INSTRUCTIONS TO FOLLOW: Starting at the line containing "Copertina di Primarie" and ending at the line containing "Peugeot 508 bluehdi", print every line of the material below exactly, both ends included, and stop there.

AVAILABLE RECORDS:
:::::

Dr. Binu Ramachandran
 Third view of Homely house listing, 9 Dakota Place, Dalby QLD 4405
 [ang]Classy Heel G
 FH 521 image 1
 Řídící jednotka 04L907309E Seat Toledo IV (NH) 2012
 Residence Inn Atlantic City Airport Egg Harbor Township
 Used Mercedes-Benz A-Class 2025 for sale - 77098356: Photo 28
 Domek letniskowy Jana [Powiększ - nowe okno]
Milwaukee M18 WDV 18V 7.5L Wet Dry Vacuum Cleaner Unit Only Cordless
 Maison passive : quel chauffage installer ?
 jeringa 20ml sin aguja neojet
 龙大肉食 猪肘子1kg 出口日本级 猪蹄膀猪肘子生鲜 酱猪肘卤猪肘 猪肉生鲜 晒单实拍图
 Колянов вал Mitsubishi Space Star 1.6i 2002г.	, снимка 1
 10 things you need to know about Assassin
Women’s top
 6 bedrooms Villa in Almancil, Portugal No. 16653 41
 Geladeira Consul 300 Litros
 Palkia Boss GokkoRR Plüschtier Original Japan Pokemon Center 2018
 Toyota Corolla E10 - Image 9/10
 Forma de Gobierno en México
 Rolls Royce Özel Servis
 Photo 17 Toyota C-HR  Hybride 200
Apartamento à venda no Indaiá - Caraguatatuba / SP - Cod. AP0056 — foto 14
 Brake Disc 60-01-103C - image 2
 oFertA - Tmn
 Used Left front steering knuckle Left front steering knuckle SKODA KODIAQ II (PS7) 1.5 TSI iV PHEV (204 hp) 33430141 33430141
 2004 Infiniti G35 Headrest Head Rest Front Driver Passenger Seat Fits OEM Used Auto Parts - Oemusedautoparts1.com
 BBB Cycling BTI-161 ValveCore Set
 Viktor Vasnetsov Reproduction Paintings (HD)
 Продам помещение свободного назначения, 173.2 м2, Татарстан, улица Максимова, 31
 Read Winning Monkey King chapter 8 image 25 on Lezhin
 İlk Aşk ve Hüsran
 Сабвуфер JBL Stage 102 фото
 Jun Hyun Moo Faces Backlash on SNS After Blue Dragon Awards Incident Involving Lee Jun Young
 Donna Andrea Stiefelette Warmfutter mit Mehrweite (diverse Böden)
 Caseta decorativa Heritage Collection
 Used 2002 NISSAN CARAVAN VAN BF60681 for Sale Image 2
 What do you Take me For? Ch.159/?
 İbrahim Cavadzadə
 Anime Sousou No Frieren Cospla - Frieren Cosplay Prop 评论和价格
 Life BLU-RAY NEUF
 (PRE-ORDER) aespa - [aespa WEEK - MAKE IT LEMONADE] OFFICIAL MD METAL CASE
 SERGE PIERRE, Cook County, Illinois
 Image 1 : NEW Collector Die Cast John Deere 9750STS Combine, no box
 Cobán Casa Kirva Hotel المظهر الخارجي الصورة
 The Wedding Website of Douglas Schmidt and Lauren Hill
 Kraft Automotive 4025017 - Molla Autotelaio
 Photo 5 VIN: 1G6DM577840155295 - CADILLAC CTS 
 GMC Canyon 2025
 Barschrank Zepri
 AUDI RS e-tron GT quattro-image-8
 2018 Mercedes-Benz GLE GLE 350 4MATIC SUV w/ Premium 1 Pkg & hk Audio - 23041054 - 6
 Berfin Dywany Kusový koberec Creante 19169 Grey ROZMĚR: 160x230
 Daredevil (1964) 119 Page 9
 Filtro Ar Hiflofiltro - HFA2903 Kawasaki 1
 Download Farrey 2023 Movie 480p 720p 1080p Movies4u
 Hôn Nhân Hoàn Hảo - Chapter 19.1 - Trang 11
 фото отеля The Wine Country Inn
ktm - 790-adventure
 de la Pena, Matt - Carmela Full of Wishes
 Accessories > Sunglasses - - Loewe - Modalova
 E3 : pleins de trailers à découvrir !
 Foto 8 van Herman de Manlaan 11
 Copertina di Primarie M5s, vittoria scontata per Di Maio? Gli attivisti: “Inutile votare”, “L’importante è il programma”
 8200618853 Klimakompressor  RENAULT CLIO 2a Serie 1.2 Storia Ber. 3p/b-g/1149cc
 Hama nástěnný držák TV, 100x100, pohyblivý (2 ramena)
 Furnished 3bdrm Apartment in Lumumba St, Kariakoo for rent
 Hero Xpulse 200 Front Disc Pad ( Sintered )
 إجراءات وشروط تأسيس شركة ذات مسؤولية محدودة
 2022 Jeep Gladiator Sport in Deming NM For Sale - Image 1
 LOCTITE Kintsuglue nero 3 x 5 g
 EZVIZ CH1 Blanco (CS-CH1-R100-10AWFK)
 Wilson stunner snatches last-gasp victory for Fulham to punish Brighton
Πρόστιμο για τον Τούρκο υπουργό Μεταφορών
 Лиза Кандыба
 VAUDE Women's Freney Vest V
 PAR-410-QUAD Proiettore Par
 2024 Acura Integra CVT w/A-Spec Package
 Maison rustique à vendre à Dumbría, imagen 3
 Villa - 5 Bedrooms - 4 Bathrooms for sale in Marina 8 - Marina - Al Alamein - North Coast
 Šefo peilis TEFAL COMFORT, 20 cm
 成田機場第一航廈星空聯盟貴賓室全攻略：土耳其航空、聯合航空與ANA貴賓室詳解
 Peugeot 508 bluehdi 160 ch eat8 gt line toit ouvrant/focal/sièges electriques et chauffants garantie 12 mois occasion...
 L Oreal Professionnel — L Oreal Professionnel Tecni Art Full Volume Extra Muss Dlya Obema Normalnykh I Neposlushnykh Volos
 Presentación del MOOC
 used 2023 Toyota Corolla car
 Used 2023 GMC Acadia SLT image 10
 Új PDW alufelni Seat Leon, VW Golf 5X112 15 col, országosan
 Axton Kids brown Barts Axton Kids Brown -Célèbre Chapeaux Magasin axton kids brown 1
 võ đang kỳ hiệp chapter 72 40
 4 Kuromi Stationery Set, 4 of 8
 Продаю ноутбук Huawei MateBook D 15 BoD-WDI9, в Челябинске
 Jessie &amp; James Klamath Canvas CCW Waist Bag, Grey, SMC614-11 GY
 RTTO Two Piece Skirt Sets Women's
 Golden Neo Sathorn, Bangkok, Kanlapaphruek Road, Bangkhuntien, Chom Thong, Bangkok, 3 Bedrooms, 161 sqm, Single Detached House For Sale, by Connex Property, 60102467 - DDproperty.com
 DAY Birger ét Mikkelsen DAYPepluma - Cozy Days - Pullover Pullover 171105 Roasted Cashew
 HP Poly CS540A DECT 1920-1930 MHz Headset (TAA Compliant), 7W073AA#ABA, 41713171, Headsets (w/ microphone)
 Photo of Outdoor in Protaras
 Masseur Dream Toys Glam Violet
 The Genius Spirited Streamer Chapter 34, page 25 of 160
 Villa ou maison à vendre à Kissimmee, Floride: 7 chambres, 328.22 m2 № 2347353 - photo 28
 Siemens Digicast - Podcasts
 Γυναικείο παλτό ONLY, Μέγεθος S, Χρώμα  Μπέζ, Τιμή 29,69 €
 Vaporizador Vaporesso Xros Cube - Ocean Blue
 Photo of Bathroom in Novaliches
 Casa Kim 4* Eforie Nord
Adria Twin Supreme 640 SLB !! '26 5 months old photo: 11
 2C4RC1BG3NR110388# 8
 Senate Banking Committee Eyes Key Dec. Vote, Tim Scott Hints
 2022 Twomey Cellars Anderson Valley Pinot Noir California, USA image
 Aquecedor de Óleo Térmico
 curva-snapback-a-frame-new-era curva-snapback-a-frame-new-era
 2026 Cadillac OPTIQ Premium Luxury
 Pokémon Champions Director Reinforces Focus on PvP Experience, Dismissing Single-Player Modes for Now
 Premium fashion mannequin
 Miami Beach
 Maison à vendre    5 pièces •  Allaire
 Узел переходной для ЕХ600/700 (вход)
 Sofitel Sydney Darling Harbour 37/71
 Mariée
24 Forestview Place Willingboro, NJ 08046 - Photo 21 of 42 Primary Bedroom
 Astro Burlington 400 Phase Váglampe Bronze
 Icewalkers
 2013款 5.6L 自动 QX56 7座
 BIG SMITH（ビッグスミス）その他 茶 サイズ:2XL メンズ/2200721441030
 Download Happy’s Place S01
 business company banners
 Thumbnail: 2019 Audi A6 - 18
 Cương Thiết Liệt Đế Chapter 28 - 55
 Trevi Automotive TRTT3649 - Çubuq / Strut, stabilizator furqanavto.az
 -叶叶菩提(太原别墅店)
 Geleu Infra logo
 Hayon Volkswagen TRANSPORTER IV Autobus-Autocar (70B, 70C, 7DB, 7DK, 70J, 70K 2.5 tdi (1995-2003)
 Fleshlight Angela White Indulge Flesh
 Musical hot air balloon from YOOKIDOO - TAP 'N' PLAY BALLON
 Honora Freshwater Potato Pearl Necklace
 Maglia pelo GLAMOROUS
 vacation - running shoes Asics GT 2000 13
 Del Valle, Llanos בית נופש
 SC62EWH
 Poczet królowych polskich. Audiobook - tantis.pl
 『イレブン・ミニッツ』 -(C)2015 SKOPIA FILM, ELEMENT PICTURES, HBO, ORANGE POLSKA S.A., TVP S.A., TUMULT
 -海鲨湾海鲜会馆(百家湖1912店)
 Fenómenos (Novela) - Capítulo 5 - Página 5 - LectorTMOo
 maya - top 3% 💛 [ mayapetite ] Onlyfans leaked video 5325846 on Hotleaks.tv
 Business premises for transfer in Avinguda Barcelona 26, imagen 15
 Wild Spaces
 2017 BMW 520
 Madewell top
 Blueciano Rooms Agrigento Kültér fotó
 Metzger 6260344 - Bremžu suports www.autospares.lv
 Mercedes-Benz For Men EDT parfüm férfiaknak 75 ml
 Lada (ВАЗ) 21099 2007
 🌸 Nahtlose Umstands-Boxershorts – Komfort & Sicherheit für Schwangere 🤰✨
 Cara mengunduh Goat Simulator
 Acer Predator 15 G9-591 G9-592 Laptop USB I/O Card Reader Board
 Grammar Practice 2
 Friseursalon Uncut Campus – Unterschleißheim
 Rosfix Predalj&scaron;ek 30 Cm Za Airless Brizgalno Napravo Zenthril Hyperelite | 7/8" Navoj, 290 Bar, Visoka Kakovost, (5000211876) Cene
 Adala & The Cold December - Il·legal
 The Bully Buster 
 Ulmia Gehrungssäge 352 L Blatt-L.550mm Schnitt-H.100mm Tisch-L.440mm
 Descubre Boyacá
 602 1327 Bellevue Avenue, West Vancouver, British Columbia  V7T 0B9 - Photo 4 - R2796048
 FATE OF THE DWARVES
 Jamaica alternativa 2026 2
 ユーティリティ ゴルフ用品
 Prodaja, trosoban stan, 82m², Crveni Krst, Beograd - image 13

:::::

EXERCISE ANSWER:
 Copertina di Primarie M5s, vittoria scontata per Di Maio? Gli attivisti: “Inutile votare”, “L’importante è il programma”
 8200618853 Klimakompressor  RENAULT CLIO 2a Serie 1.2 Storia Ber. 3p/b-g/1149cc
 Hama nástěnný držák TV, 100x100, pohyblivý (2 ramena)
 Furnished 3bdrm Apartment in Lumumba St, Kariakoo for rent
 Hero Xpulse 200 Front Disc Pad ( Sintered )
 إجراءات وشروط تأسيس شركة ذات مسؤولية محدودة
 2022 Jeep Gladiator Sport in Deming NM For Sale - Image 1
 LOCTITE Kintsuglue nero 3 x 5 g
 EZVIZ CH1 Blanco (CS-CH1-R100-10AWFK)
 Wilson stunner snatches last-gasp victory for Fulham to punish Brighton
Πρόστιμο για τον Τούρκο υπουργό Μεταφορών
 Лиза Кандыба
 VAUDE Women's Freney Vest V
 PAR-410-QUAD Proiettore Par
 2024 Acura Integra CVT w/A-Spec Package
 Maison rustique à vendre à Dumbría, imagen 3
 Villa - 5 Bedrooms - 4 Bathrooms for sale in Marina 8 - Marina - Al Alamein - North Coast
 Šefo peilis TEFAL COMFORT, 20 cm
 成田機場第一航廈星空聯盟貴賓室全攻略：土耳其航空、聯合航空與ANA貴賓室詳解
 Peugeot 508 bluehdi 160 ch eat8 gt line toit ouvrant/focal/sièges electriques et chauffants garantie 12 mois occasion...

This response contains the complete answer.